Houve, frequentemente, a relembrança à Declaração de Malabo, de 2014, quando os países africanos comprometeram-se a gastar 10% de seus orçamentos públicos em agricultura, para erradicar a fome no continente. A avaliação quase uma década depois, contudo, foi moderada: somente uma pequena quantidade de países de fato implementou esse comprometimento, seja em razão de crises políticas e econômicas que comprometeram a disponibilidade a alocação de recursos, seja em razão da ausência de um mecanismo internacional que garantisse a responsabilização nacional.

Adesina propôs a criação de uma “instituição financeira pan-africana para segurança alimentar”, cujo objetivo seria a alocação de recursos para investimentos em pesquisa e desenvolvimento, para a criação de novas tecnologias de caráter nativo, e o suporte a políticas públicas de produção e distribuição de alimentos, como programas de alimentação escolar. Destacou-se que liquidez não seria um problema atualmente, mas que é necessário – e já há indicativos nessa direção – que os Estados inflexionem suas abordagens focadas em subsídios governamentais, que arriscam a criação de sistemas patronais insustentáveis no longo-prazo, para intervenções focadas na viabilização de mercados agrícolas, tendo como motor o empreendedorismo do setor privado.

Foram apresentados pelo BAD alguns programas-chave que endereçam, à nível continental, a insegurança alimentar, demonstrando um compromisso com o mencionado trinômio:

  1. TAAT – Technologies for African Agricultural Transformation (tecnologias)
  2. CCADP – Comprehensive African Agriculutral Development Programme (agricultura)
  3. AAAP – African Adaptation Acceleration Program (mudanças climáticas)
  4. GAFSP – Global Agriculture and Food Security Program (segurança alimentar)

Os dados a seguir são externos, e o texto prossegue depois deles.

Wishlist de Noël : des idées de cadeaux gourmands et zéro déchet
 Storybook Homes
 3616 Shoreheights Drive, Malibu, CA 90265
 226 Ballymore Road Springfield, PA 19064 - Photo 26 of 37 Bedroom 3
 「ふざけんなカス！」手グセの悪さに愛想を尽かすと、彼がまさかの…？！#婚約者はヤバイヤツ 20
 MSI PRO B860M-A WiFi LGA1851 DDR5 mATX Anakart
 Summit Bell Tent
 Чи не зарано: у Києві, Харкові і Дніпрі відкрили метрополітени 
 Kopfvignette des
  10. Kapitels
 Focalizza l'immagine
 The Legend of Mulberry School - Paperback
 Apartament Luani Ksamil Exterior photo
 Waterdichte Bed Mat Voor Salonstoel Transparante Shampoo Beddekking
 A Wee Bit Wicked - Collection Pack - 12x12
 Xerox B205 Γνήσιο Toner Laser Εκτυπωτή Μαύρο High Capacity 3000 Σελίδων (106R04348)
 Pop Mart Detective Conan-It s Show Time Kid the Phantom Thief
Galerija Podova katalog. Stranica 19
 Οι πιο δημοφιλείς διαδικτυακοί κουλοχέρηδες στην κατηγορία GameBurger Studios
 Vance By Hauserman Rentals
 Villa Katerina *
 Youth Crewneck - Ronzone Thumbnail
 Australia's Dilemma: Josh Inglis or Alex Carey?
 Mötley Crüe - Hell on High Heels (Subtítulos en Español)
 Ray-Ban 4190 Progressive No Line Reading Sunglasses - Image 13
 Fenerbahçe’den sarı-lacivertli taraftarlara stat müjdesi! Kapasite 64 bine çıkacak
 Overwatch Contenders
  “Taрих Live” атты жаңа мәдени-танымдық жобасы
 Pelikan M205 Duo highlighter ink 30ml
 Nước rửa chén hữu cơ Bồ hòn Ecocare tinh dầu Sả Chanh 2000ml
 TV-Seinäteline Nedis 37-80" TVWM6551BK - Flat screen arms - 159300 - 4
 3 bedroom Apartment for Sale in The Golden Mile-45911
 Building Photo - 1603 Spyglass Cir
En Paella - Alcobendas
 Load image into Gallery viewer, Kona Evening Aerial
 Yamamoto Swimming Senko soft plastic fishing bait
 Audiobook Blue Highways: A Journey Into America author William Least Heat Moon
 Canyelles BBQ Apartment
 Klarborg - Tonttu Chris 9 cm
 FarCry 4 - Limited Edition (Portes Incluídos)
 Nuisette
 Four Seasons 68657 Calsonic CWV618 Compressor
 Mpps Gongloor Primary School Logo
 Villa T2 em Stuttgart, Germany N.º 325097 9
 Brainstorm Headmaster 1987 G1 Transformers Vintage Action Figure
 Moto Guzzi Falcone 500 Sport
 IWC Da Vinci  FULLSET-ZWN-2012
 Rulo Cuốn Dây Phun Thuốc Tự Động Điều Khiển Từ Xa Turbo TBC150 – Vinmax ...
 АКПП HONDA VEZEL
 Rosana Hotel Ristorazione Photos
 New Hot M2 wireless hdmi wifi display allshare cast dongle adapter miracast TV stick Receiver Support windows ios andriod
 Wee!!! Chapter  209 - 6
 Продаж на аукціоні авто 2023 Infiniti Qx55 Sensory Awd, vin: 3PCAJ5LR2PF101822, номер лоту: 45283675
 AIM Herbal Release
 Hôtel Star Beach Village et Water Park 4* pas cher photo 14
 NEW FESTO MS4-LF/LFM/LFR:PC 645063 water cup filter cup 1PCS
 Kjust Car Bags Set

A África tem mantido a segurança alimentar no topo da sua agenda, ensejando projetos e ações de toda sorte para endereçar esse problema que é um entrave estrutural para o progresso econômico nesses países. A situação de insegurança alimentar no continente não tem seguido a tendência global de melhora, e o crescimento populacional mascara o aumento absoluto de indivíduos em situação de subnutrição e obesidade. Nessa nova década, com os arranjos no lugar e os recursos disponíveis, a África deve passar do planejamento para a ação, erradicando a fome até 2030 para encontrar um sólido desenvolvimento socioeconômico até 2050, quando estima-se que sua população terá dobrado.